Ele deriva, por sua vez, da expressão Fanzine (revista produzidas por
fãs, em tradução livre), ou simplesmente, Zine.
De acordo com o antropólogo Carles Feixa, os Fanzines são elementos culturais que se transformaram em “emblemas
de uma cultura juvenil internacional popular”. Eles têm a função de “reafirmar
as fronteiras do grupo” (função interna) e “promover o diálogo com outras
instâncias sociais e juvenis” (função externa). De acordo com o autor, o
material publicado nos zines busca
[...] inverter a valoração negativa que se atribui socialmente a
determinados estilos, transformando o estigma em emblema: as marcas do grupo
encontradas através do estudo dos diferentes produtos comunicacionais.

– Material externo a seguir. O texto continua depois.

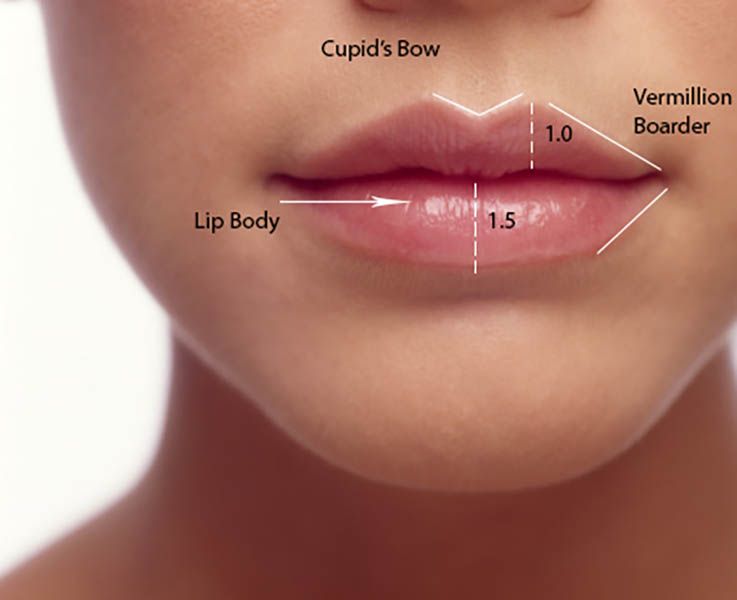 Cupid Bow Lip Surgery in Vietnam: Define Elegant and Well-Shaped Lips 6 Cupid Bow Lip Surgery in Vietnam 5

Assim, o leitor se mantém atualizado sobre a “cena” com a qual está envolvido,
no que diz respeito a, por exemplo: resenhas de discos,
CDs e Fitas Demo,
entrevistas com as bandas
e militantes, agenda de Gigs (shows), textos
doutrinários e material de propaganda (cartazes, panfletos, etc.),
textos e notícias sobre manifestações
públicas, réplicas a artigos e notícias publicadas em outros meios de
comunicação (geralmente na “grande imprensa”), comércio de
produtos dos mais
variados tipos
e tudo mais que for do interesse do (os) editor (es).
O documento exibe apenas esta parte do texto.